Ease of Use: A variety of services make the environment fairly easy to use, once they have been set up they look after security, metadata and scheduling activities. 

Cost: Over all it provides a reasonably priced, effective environment to develop and deploy BI applications. It does what it needs to do without a great deal of fuss.

Oracle BI

For existing Oracle customers this tool will be of greatest interest due to its fairly expensive and proprietary nature. For such customers, the functionality and architecture presented by Oracle can be enormously beneficial. 

Core Functionality: The Oracle BI Foundation Suite encompasses reporting, dashboards, ad-hoc analysis, multi-dimensional OLAP, scorecards and predictive analytics in one integrated platform. The data visualization capabilities compare well with other products and include recommended visualization for specific data. 

Productivity: For the firms who follow the Oracle mantra, OBIEE can do wonders. The BI Foundation Suite merges all of Oracle’s eight BI platforms. Out of which one of the benefits of Oracle's Exalytics component is that it can analyze large sets of data in a short time. 

Uniqueness: Along with superb integration of Oracle services, the BI Suite is one of the few on the market that provides excellent Big Data capability. 
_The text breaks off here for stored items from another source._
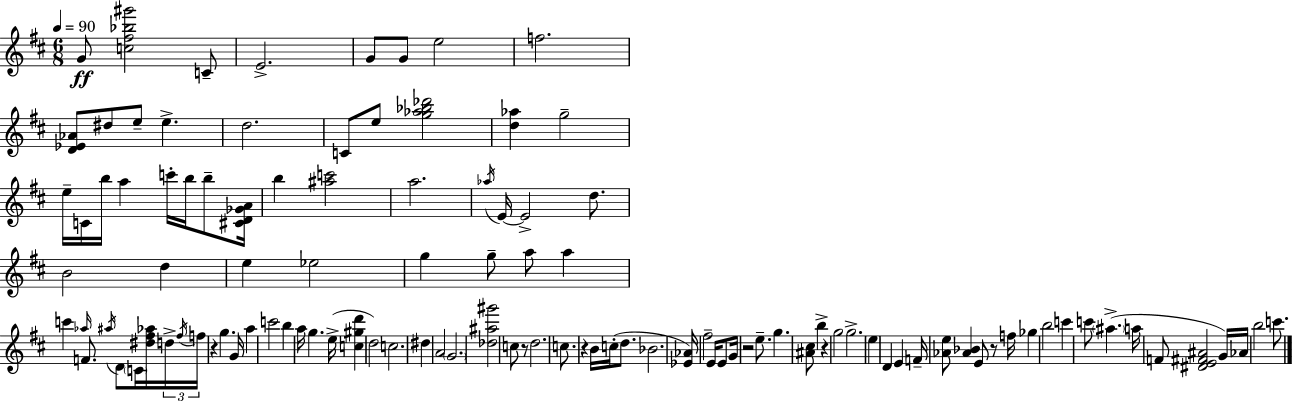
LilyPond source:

{
  \clef treble
  \numericTimeSignature
  \time 6/8
  \key d \major
  \tempo 4 = 90
  g'8\ff <c'' fis'' bes'' gis'''>2 c'8-- | e'2.-> | g'8 g'8 e''2 | f''2. | \break <d' ees' aes'>8 dis''8 e''8-- e''4.-> | d''2. | c'8 e''8 <g'' aes'' bes'' des'''>2 | <d'' aes''>4 g''2-- | \break e''16-- c'16 b''16 a''4 c'''16-. b''16 b''8-- <cis' d' ges' a'>16 | b''4 <ais'' c'''>2 | a''2. | \acciaccatura { aes''16 } e'16~~ e'2-> d''8. | \break b'2 d''4 | e''4 ees''2 | g''4 g''8-- a''8 a''4 | c'''4 \grace { aes''16 } f'8. \acciaccatura { ais''16 } d'8 | \break \parenthesize c'16 <dis'' fis'' aes''>16 \tuplet 3/2 { d''16-> \acciaccatura { fis''16 } f''16 } r4 g''4. | g'16 a''4 c'''2 | b''4 a''16 g''4. | e''16->( <c'' gis'' d'''>4 d''2) | \break c''2. | dis''4 a'2 | \parenthesize g'2. | <des'' ais'' gis'''>2 | \break c''8 r8 d''2. | c''8. r4 b'16 | c''16-.( d''8. bes'2. | <ees' aes'>16) fis''2-- | \break e'16 e'8 g'16 r2 | e''8.-- g''4. <ais' cis''>8 | b''4-> r4 g''2 | g''2.-> | \break \parenthesize e''4 d'4 | e'4 f'16-- <aes' e''>8 <aes' bes'>4 e'8 | r8 f''16 ges''4 b''2 | c'''4 c'''8 \parenthesize ais''4.->( | \break a''16 f'8 <dis' e' fis' ais'>2 | g'16) aes'16 b''2 | c'''8. \bar "|."
}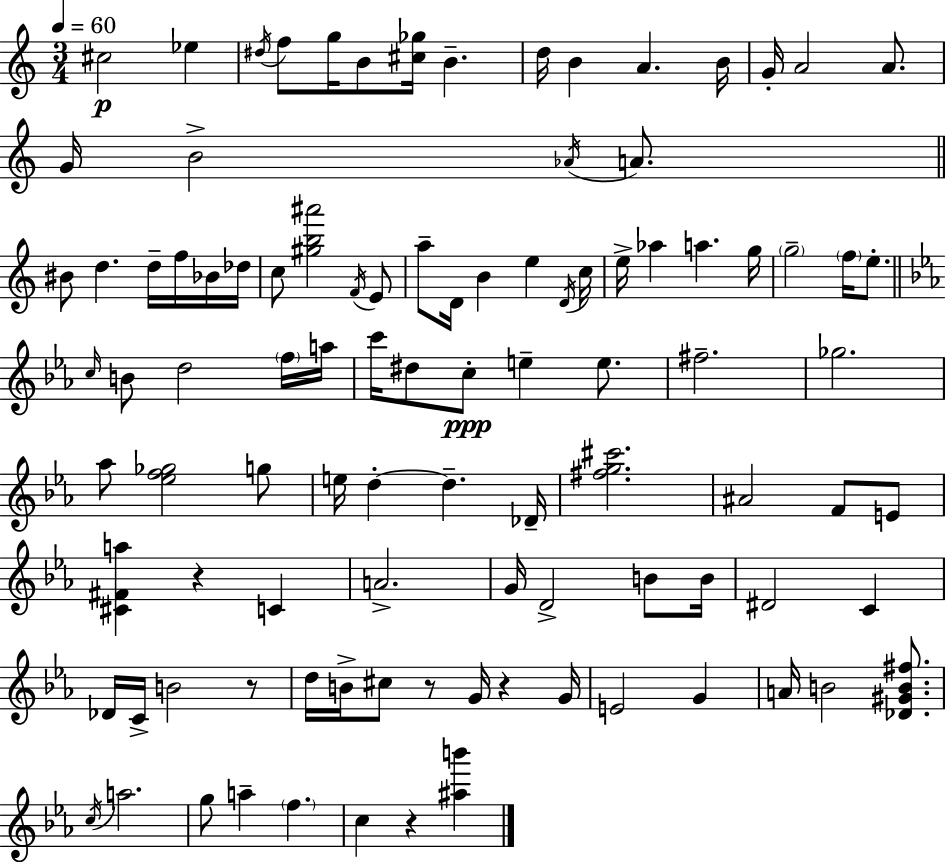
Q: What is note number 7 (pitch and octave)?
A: B4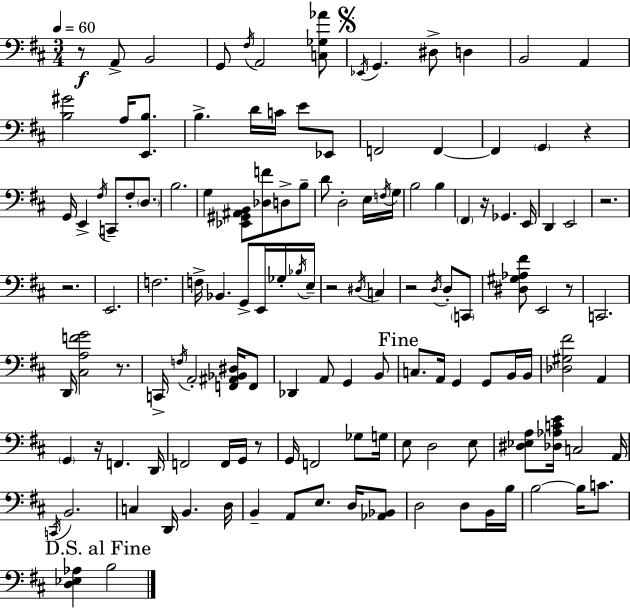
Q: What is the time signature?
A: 3/4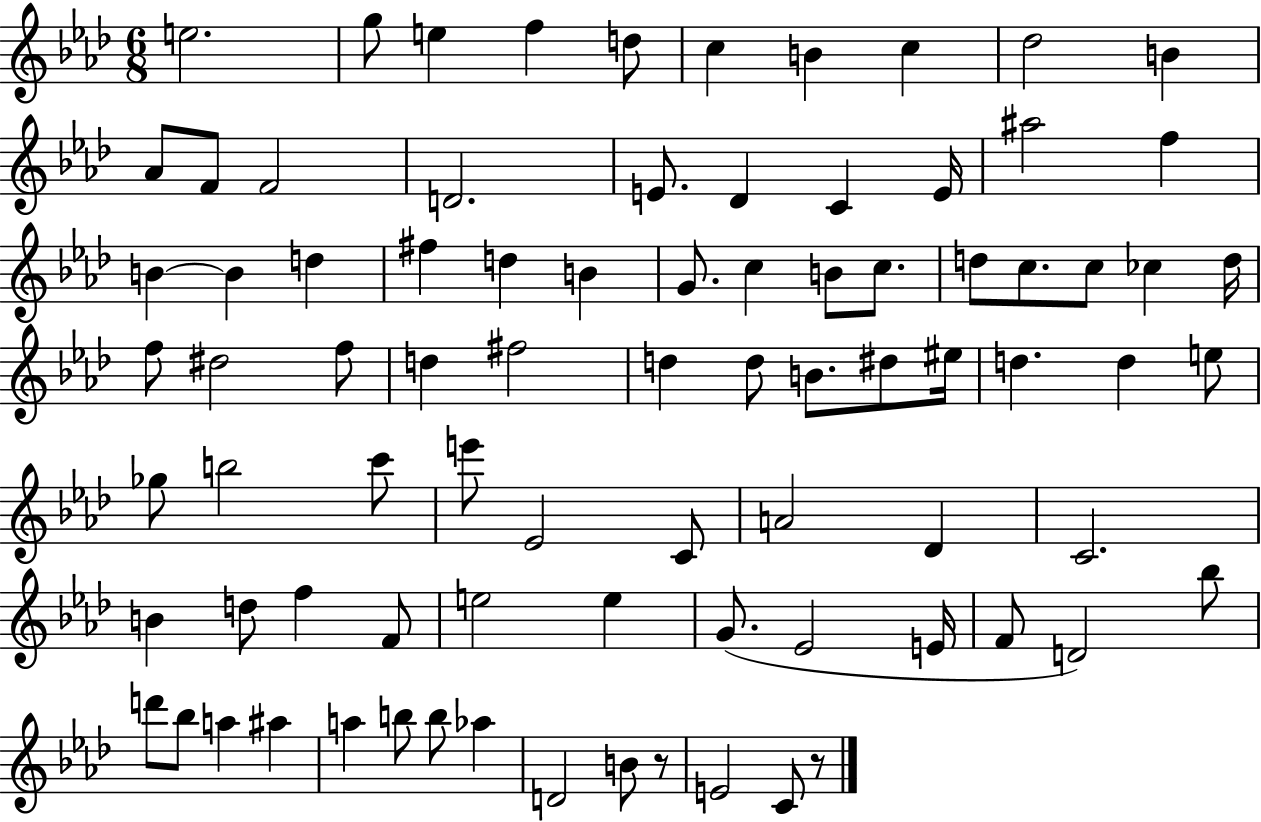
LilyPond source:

{
  \clef treble
  \numericTimeSignature
  \time 6/8
  \key aes \major
  e''2. | g''8 e''4 f''4 d''8 | c''4 b'4 c''4 | des''2 b'4 | \break aes'8 f'8 f'2 | d'2. | e'8. des'4 c'4 e'16 | ais''2 f''4 | \break b'4~~ b'4 d''4 | fis''4 d''4 b'4 | g'8. c''4 b'8 c''8. | d''8 c''8. c''8 ces''4 d''16 | \break f''8 dis''2 f''8 | d''4 fis''2 | d''4 d''8 b'8. dis''8 eis''16 | d''4. d''4 e''8 | \break ges''8 b''2 c'''8 | e'''8 ees'2 c'8 | a'2 des'4 | c'2. | \break b'4 d''8 f''4 f'8 | e''2 e''4 | g'8.( ees'2 e'16 | f'8 d'2) bes''8 | \break d'''8 bes''8 a''4 ais''4 | a''4 b''8 b''8 aes''4 | d'2 b'8 r8 | e'2 c'8 r8 | \break \bar "|."
}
Ease of Use: Oracle operates under a very dated architecture. This means the interface is not very smooth and complex features not very well handled. Companies seeking to customize the software or to make upgrades will need to make a substantial investment of both time and capital. 

Cost: For big time Oracle customers OBIEE provides considerably lower costs and more functionality. For others it would be significant investment of both time and money as stated above.

Best from the Rest 

Based on the above multi-criteria analysis, it can be said that Yellowfin BI turns out to be the best overall BI tool. But, every firm has specific requirements and based on that the factors also differ significantly. Hence, the choice of a tool really depends on the business model as well as project requirements that the firm is engaged with.